さっきまで、負ける気などしていなかった。本気で閻魔大王なんてこんなものか、と思っていた。
しかしその自分の驕りも無理も無いものだと感じた。今目の前に立っているものは先ほどまでのものではない。紛れも無く「人の形をしているだけの怪物」である。怪物などと言う陳腐な言葉では形容できない。
全てを超越した、まさに、閻魔大王。



「壱の獄」
静かにそう呟くと、閻魔は手の甲を頭上に掲げた。手の中に黒い火炎が生まれ、何かを燃やしているようにぶすぶすと音を立てて消える。 火の消えた手の中には一枚の符が残っていた。
そのままその手を斬鬼の方へ向け、見えない力によって符は高速で発射された。逃げる間もなくそれは斬鬼の腹にぴたりと張り付いた。
「等活」
閻魔が唱えると、符の貼られたところから深い斬り傷が放射線状に全身へ走った。
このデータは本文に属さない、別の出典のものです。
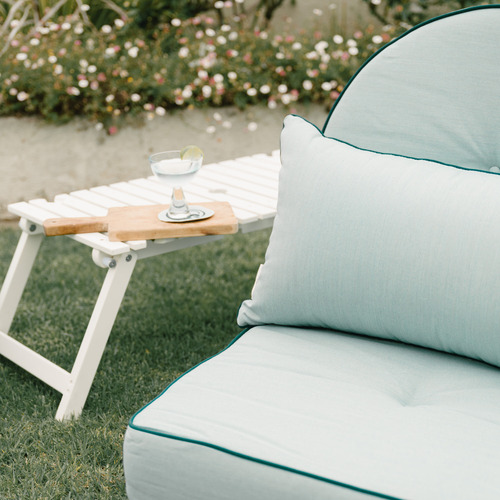Riviera Reclining Pillow Lounger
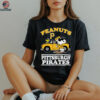 Pittsburgh Pirates Snoopy Peanuts Car Baseball T Shirt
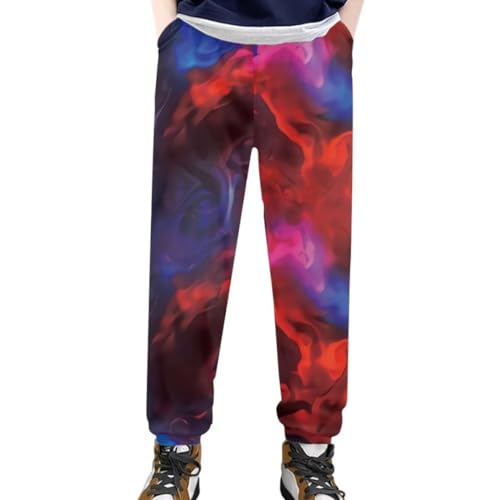 Youngerbaby Casual Sweatpants Outdoor Sport Pants Elastic Waist Comfy Sweatpants School Sport Pants Jogger Pants3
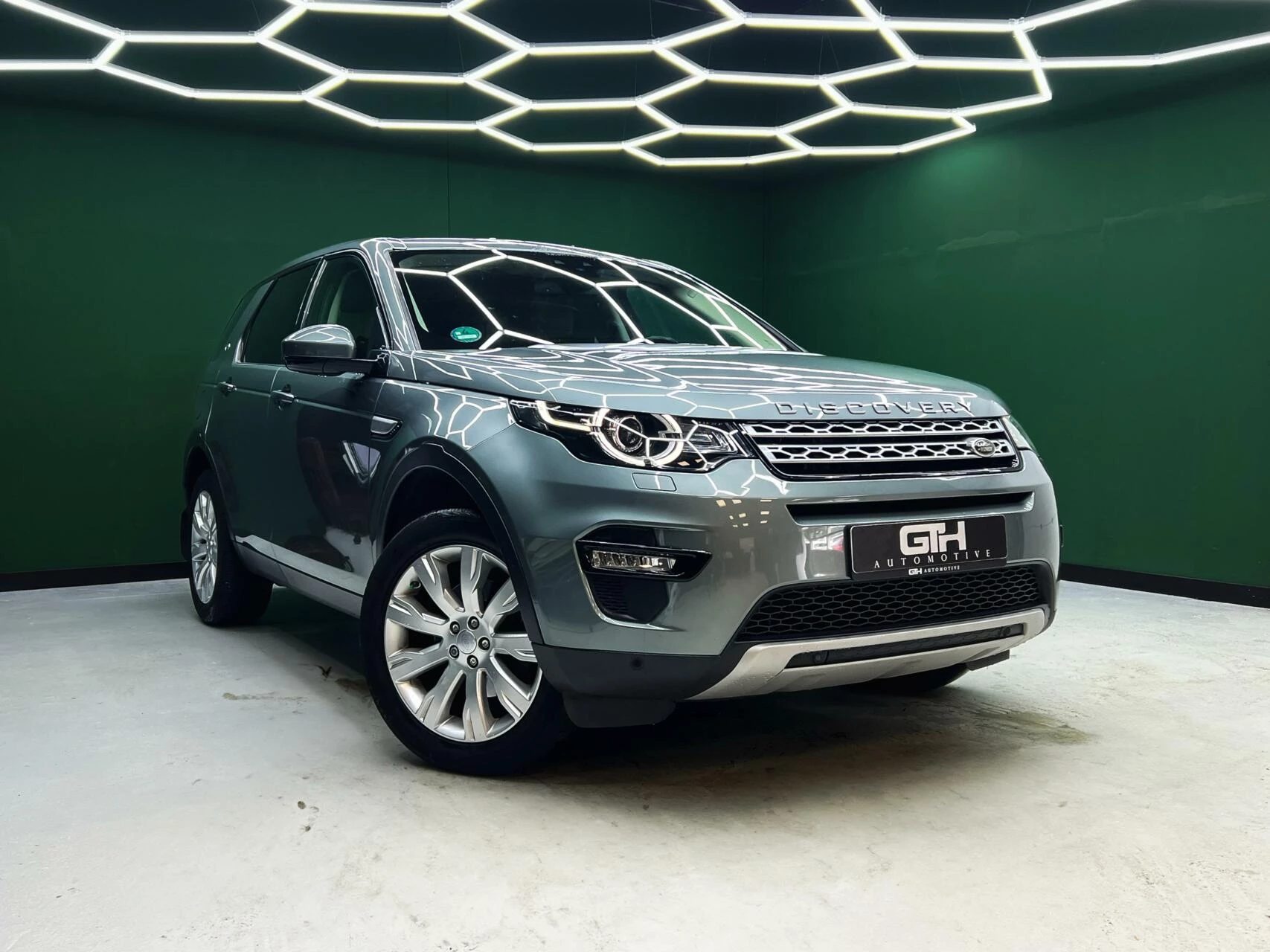 Hoofdafbeelding Land Rover Discovery Sport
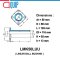 LMK50LUU LINEAR BALL BUSHING LMK Type ลิเนียร์แบริ่งสไลด์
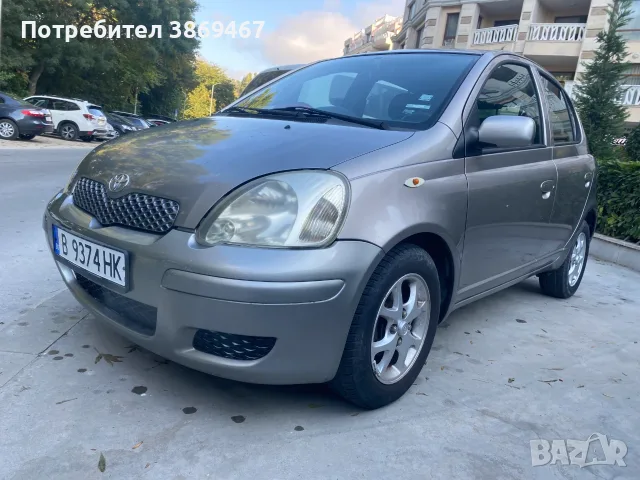 Продавам Тойота Ярис Toyota yaris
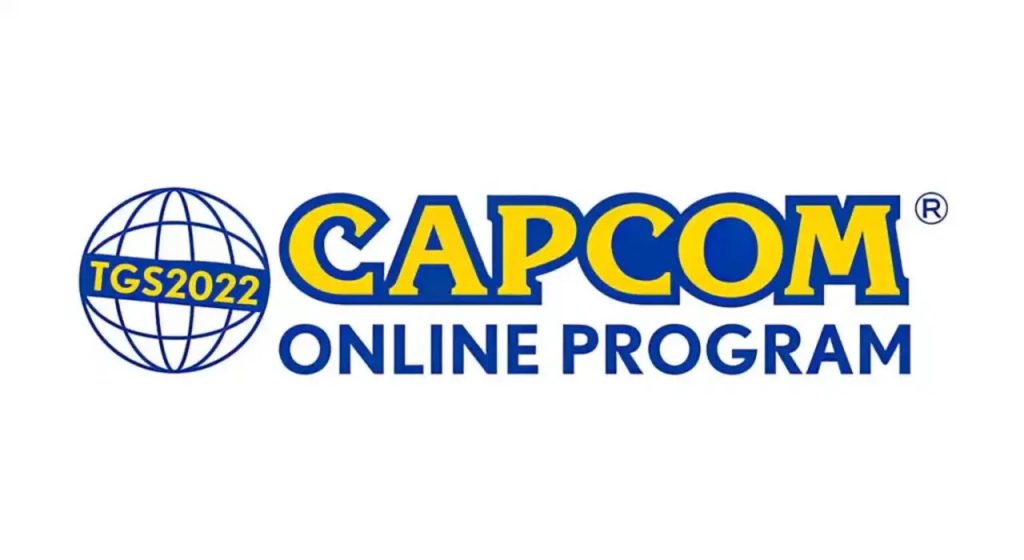 Logo Capcom dla Tokyo Game show 2022
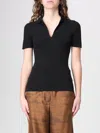 Max Mara Polo Shirt Woman Color Black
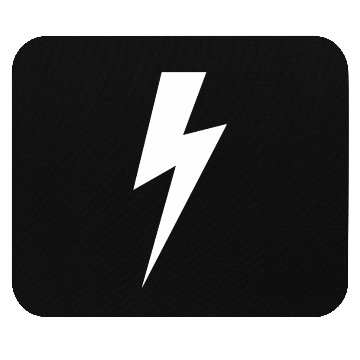 Discover Lightning Bolt For Men And Women Mouse Pads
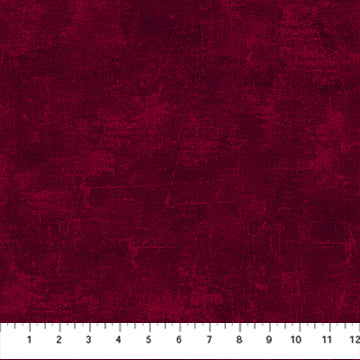 108" Canvas Flannel Backing - Red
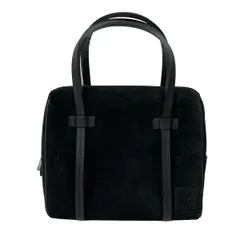 BALLY(バリー) ハンドバッグ - 黒 ミニバッグ レザー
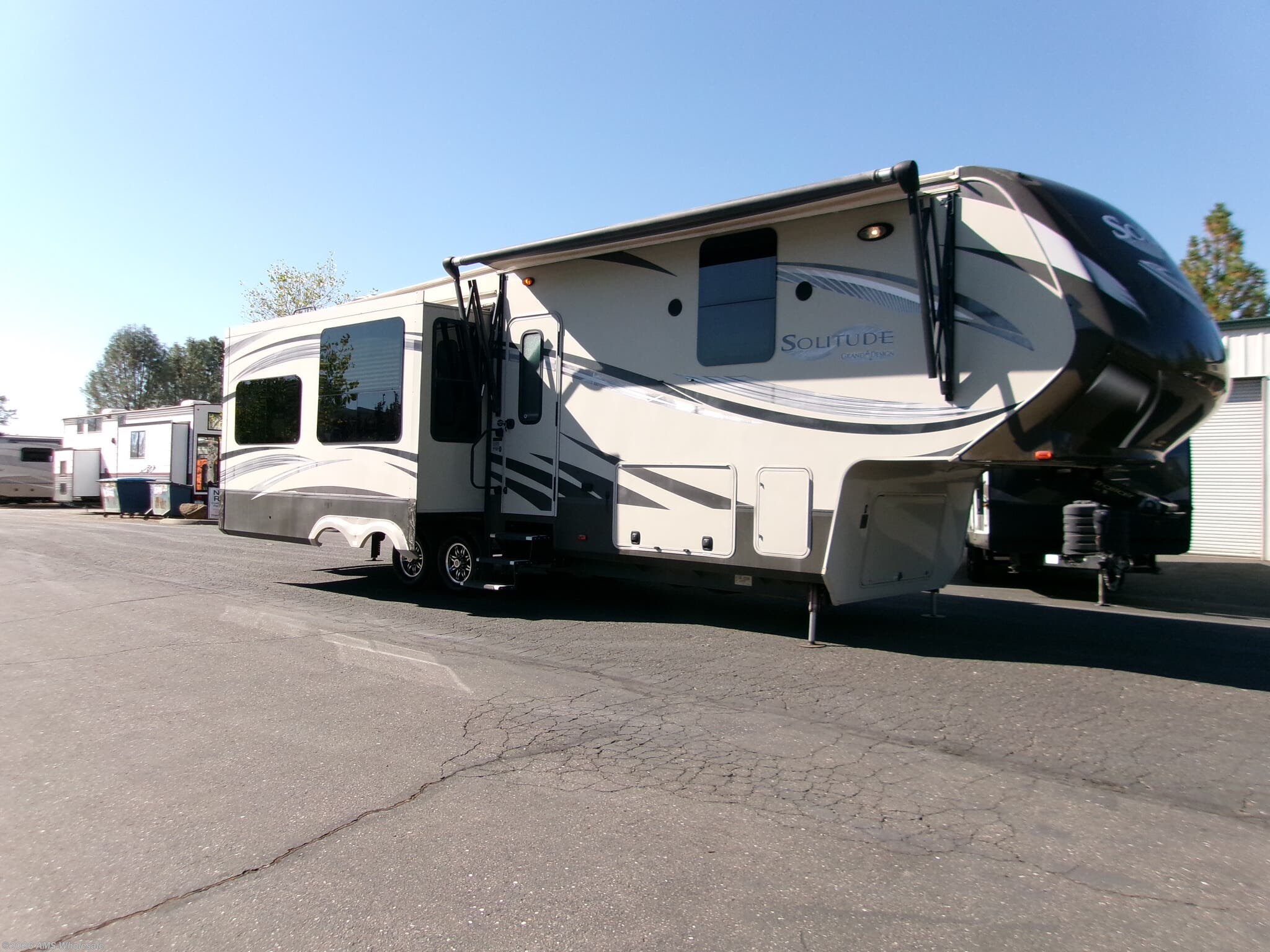 Used 2014 Grand Design Solitude 305re available in Placerville, California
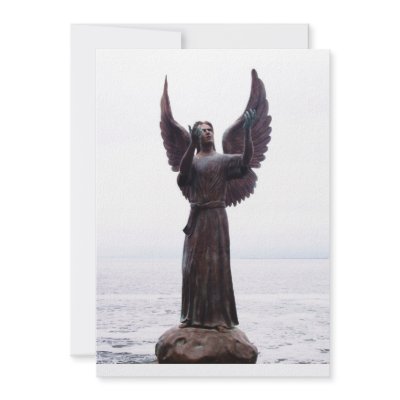 Angel Outreach Invitation by DRCrafts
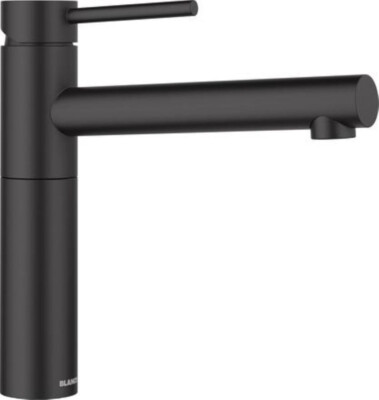 Blanco ALTA II, Küchenarmatur, Hochdruck, schwarz matt  527538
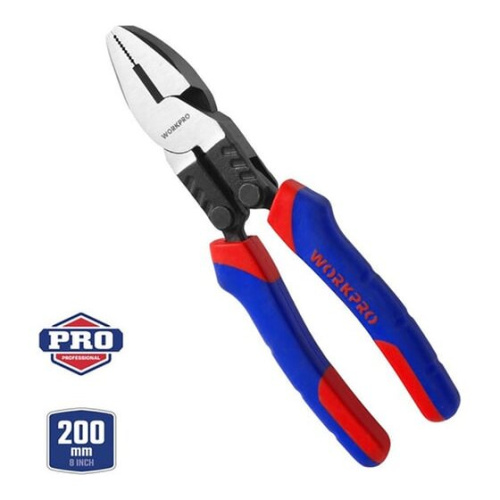 Плоскогубцы WORKPRO WP231089 200 мм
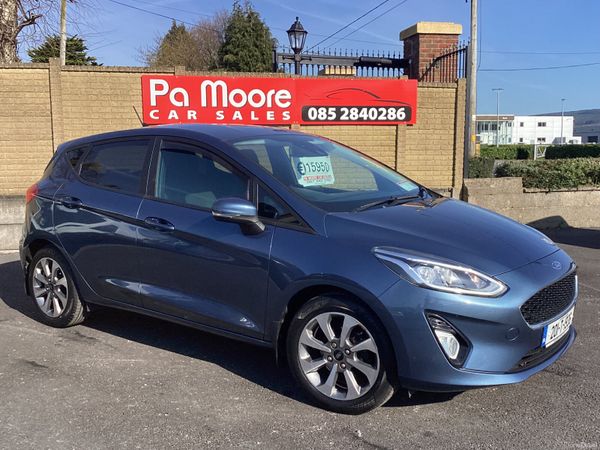 Ford Fiesta Hatchback, Petrol, 2020, Blue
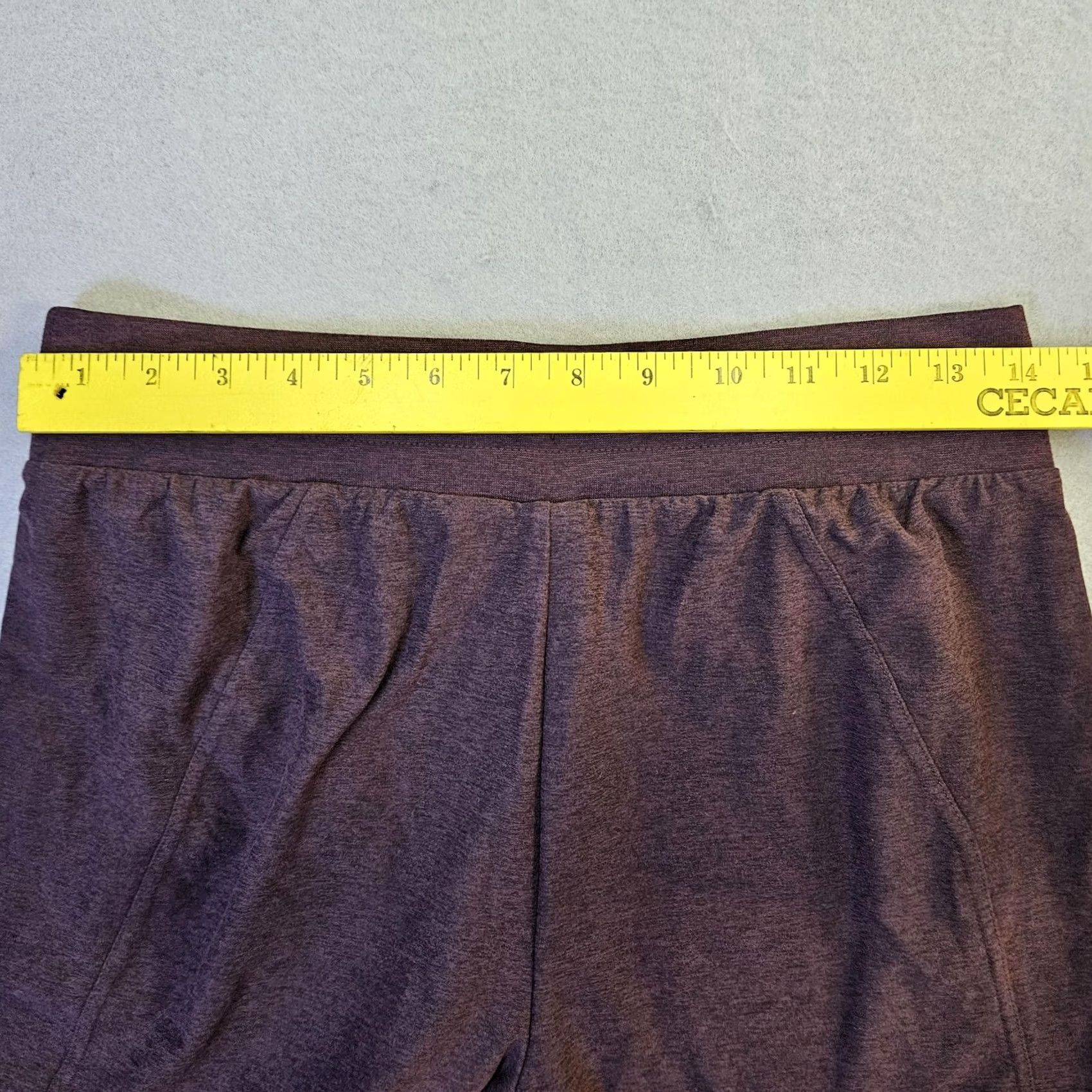 Fabletics Fabletics Sweatpants Womens Medium Purple Wide Leg Drawstring Pockets Lounge Size 32" / US 10 / IT 46 - 7 Thumbnail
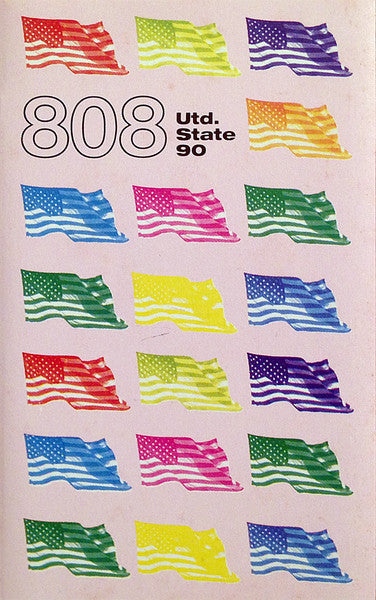 808 "Utd. State 90"-Cassette Tapes-UnDigable Digs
一斉に鮮血が吹き出し、斬鬼は絶叫した。
「ぐぁぁぁぁぁっ!」
激痛に地に膝をつく。意識を失いそうな痛みを堪えていると、どこからか涼風が舞い込んできた。それが体を包み込んで消えてしまうと、数秒前には全身を走っていた傷が痛みと共に全て綺麗に消えていた。
「何だこれは……?!」
訳が分からず混乱するも、符は依然として腹に張り付いたままだ。
その姿を見て、閻魔の口角がすっと上がる。
「がっ……ああああぁぁあぁああ!」
完全に油断をしていたところに、再びさっきの傷が新しく浮き上がった。もちろん、激痛も全く同じものが襲う。
「いくら体を裂かれても、涼風が吹くたびにその体は元の状態に等しく蘇る」
閻魔は無表情で続けた。
「故に『等活』」
既にこの時点で満身創痍の斬鬼は、意地でかろうじて姿勢を保ちながら凄まじい形相で閻魔を睨んだ。
「さすが、趣味が最悪でいらっしゃる」
「これは俺の術の中で最下等にあたる」
斬鬼の表情から一切の強がりが消えた。
「『八獄道』は、あと七つ」

閻魔の姿がそこから消えた。我に返って辺りを見回すが、次の瞬間には背後に閻魔が現れていた。
「弐の獄」
慌てて振り返る前に、閻魔は斬鬼の背中に二枚目の符をべたりと貼り付ける。
「黒縄」
符の貼られたところから肉を切り裂いて鉄製の縄が飛び出した。
「ぐぅっ……!」
激痛と大量の出血に足をふらつかせるのもつかの間、無数の縄は灼熱を帯び、全身に食い込んで縛り上げた。
「あああぁぁぅああああ!!」
圧迫される痛みと刺すような熱さに気が狂いそうである。
「そんなに叫ぶと喉が潰れるよ」
他人事のように淡々と言ってのけると、斬鬼の背の符が炎に包まれ燃え尽きた。同時に鉄縄も消える。風に乗るように体を浮き上がらせ間合いを取ると、三枚目の符を取り出して一方の手で印を結ぶ。
「参の獄 衆合」
突然頭上をいくつもの巨大な岩石が埋め尽くし、その全てが斬鬼の上に降り注ぐ。俊足で逃げようにも範囲が広すぎる。斬鬼は簡単に地獄岩の大群の餌食となった。
「がっ、はっ……!」
おびただしい数の岩が肉を裂き、骨を砕く。斬鬼にはもはや叫ぶ力も残されていない。しかしなまじ頑丈な鬼の体はなかなか死を迎えなかった。
ふう、と閻魔がため息をつく。
「早くその体から出て行ってくれないかな。じゃないと今に木っ端微塵になっちゃうよ」
するとかろうじて膝を起こしていた斬鬼の体が糸を切ったように崩れ、中から巨大な無数の邪気が抜け出てきた。絶叫しながら憤怒の形相で、不安定な形をした暗黒の邪神達が閻魔めがけて一直線に突っ込んでくる。閻魔は満足げに笑った。
「おいでなすった」
軽い手つきで四枚目の符を指に挟むと大きく構えて待ち受ける。
『殺ス殺ス殺ス殺ス殺ス』
耳を塞ぎたくなるような絶叫と轟音で彼らは叫びながら閻魔を呪い、襲い掛かった。
「うるさいよ」
ぱしん、と小気味のいい音がして邪神達の中心に札が貼りついた。元気のよかった邪神達が嘘のようにぴくりとも動けなくなる。

「四の獄 叫喚」

閻魔の深く低い声が空間に染み渡り、邪神の末路を宣告した。
一斉に周囲を埋め尽くした正真正銘の地獄の業火に焼かれ、邪神共は声にならない断末魔を上げながら焼け焦げて塵となった。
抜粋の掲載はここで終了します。